Teaching Data Analysis with Google Sheets
A Guest Post by Alicia Motter
I am always looking for ways to implement technologies purposefully in my classroom that meet State Standards while integrating NGSS and engaging students in research that they are interested in. I recently worked with Alice Keeler, who helped me develop this activity’s precursor, a Google Sheet that teaches students how to use spreadsheets. Both activities were met with resistance and strong criticism from students, educators, and parents, all of which stemmed from the fact that thinking is hard work. Students begged me to go back to doing worksheets, my first evidence that I am doing the right thing. But I will address all of that in another posting.

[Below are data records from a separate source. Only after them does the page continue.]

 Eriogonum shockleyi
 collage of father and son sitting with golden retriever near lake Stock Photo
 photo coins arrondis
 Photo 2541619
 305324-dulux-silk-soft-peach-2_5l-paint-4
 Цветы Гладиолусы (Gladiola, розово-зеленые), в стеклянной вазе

In this posting I will focus on the Data Analysis Workbook. It works well with this single point rubric, a reworded version of New York state standards that students can understand. I won’t lie, rewriting the standards this way helped me to understand them better too. I want to share these resources with you. Feel free to modify them as you see fit.
Analyzing with Spreadsheets
Spreadsheets are an essential tool throughout industries, work places, and higher education. The NGSS is prompting us to teach students how to investigate phenomena and engineer solutions to problems (Hallelujah and Amen! -again, a topic for another time). So we had better start getting them ready for the future that awaits. I am using the Data Analysis Workbook with middle school students, but it can be used to teach high school students, and even adults, how to analyze data as well. Disclaimer — It’s important for students to understand graphing basics before they tackle this assignment. Once they can fill in a data table and plot points, they should be good to go.

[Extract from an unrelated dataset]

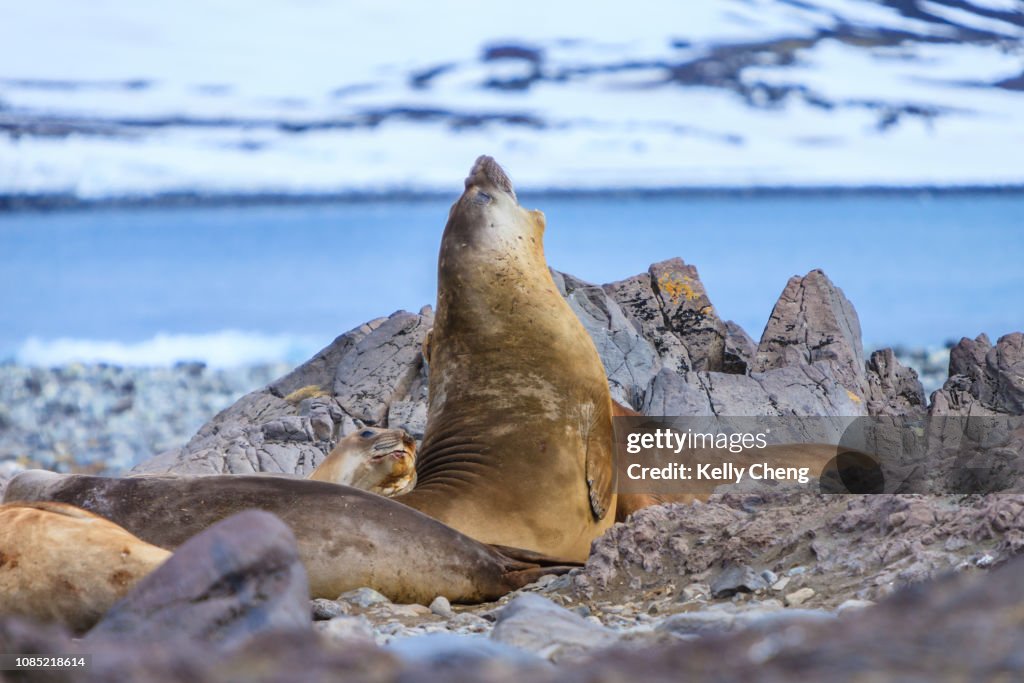 Southern Elephant Seals in Antarctica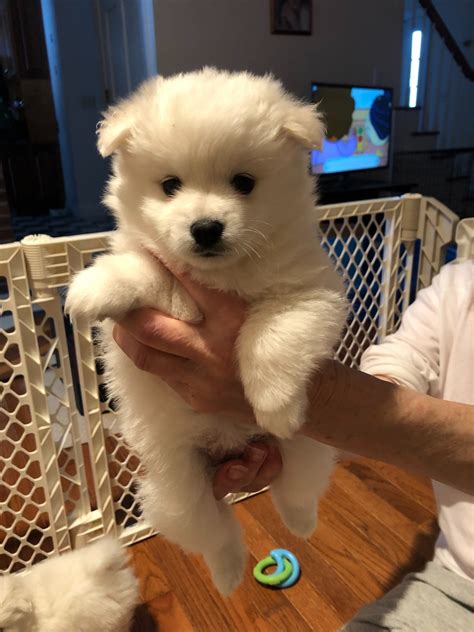 American Eskimo Dog Puppies For Sale | Binghamton, NY #320404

This workbook, like the DIY Candy Lab, is scaffolded so that it doesn’t allow students to move on before they have shown they understand specific concepts, vocabulary or have completed a certain portion of the activity. It is individually tailored by inviting students to find and use data on a topic they are interested in. My favorite part is Reconcile your Beliefs. Too often we ask students to memorize a concept, value or process, rarely asking how their thinking has changed or how they are affected by this knowledge. Finally, with NGSS, we are being asked to move forward in education with the rest of science and encourage students to make decisions based on problem evidence.

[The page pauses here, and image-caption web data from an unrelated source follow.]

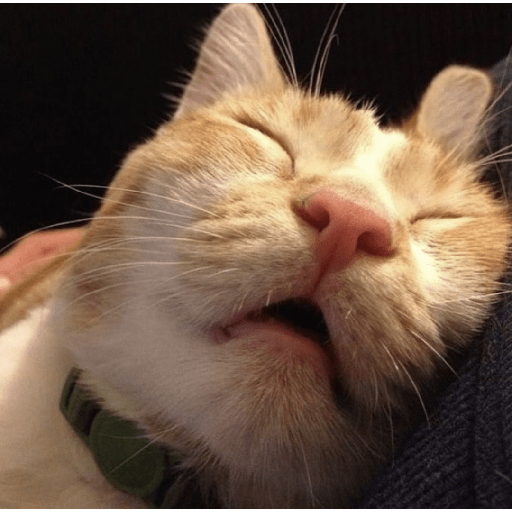 Gatitos mood 💕 1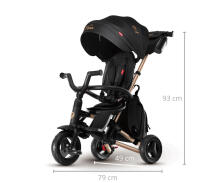 Bebe Basic Nova Gold Art.235558 Black Children's tricycle with handlebars, roof and inflatable wheels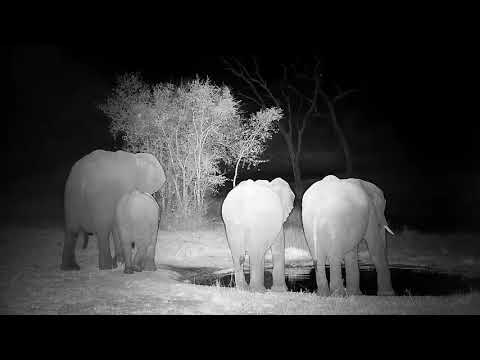 Djuma: Small group of Elephants get a drink at the pan - 21:42 - 07/02/21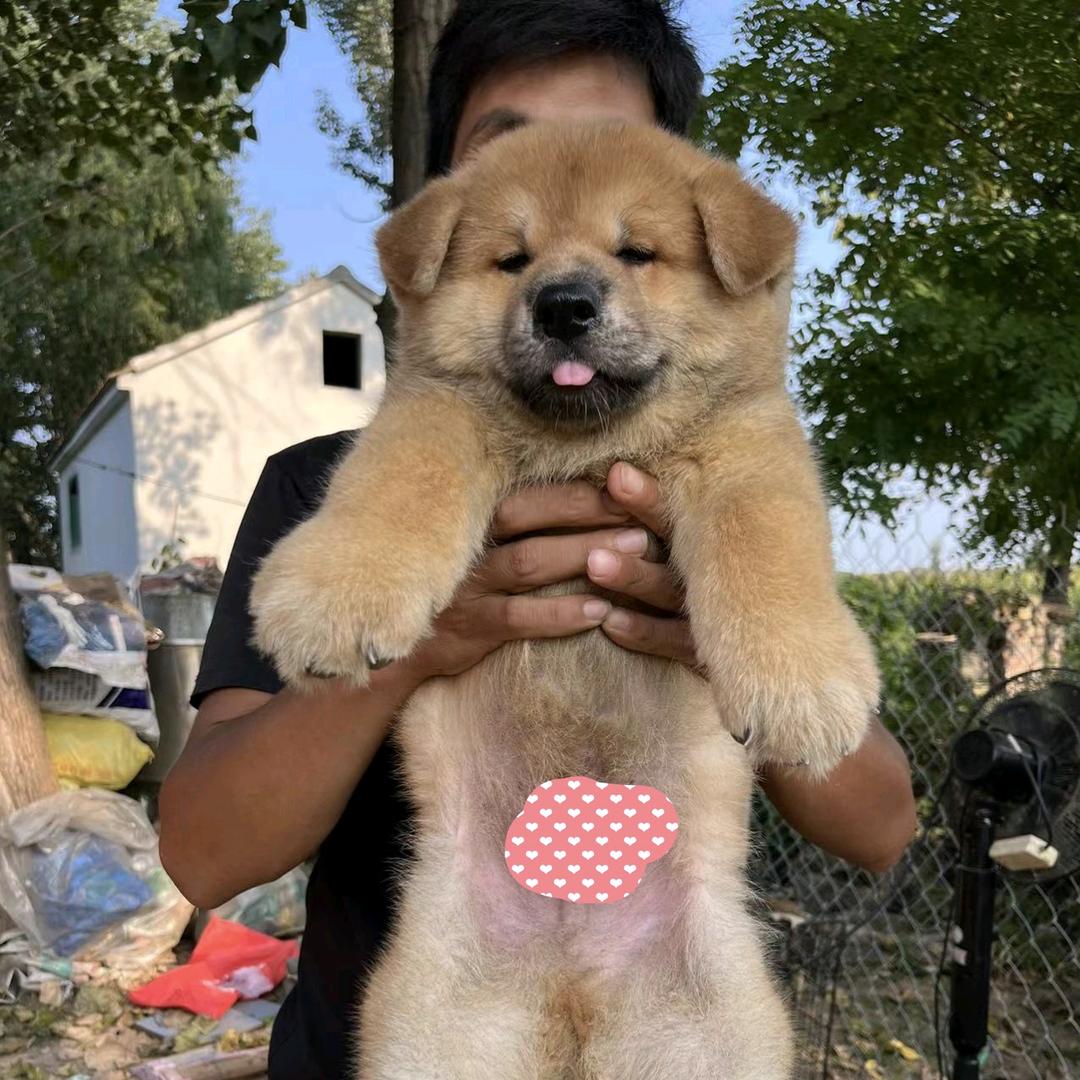 叮当狗狗
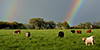 rainbow over a farm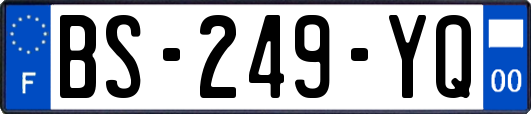 BS-249-YQ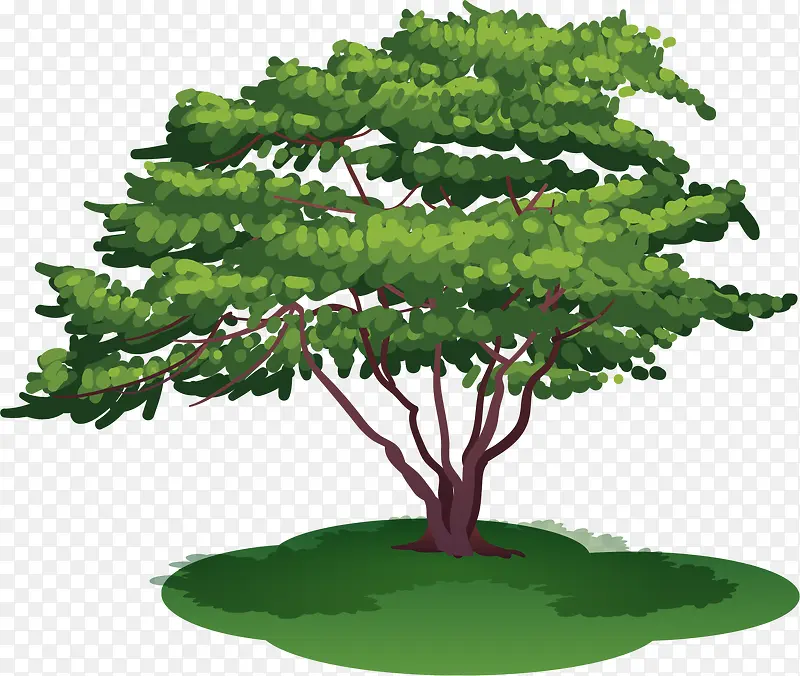 卡通植物大树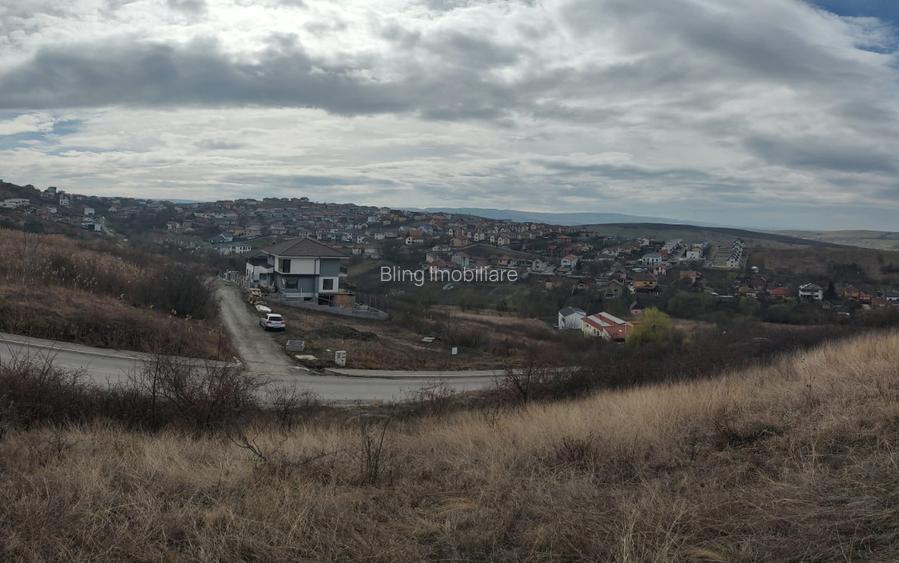 Teren intravilan 479mp in Dezmir - 6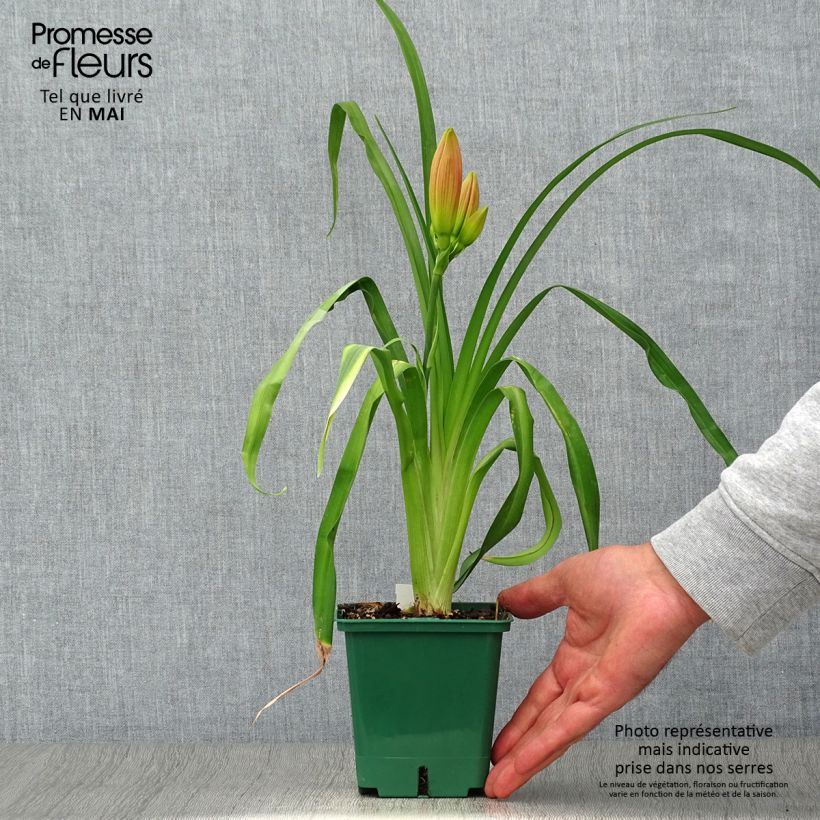 Hemerocallis Charles Johnson Maceta 1L/1,5L Ejemplar entregado en la primavera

There is so much more I could tell you about why these spreadsheets are great, but I’m going to cut myself off. Make a copy and try them out. Feel free to share and distribute them in your teaching communities. I bet you and your colleagues will come up with ways to make them even better. And If you persist in using them, you will successfully identify student needs and see evidence of their growth. By teaching them these important skills you will provide them with an advantage in the not-so-distant future.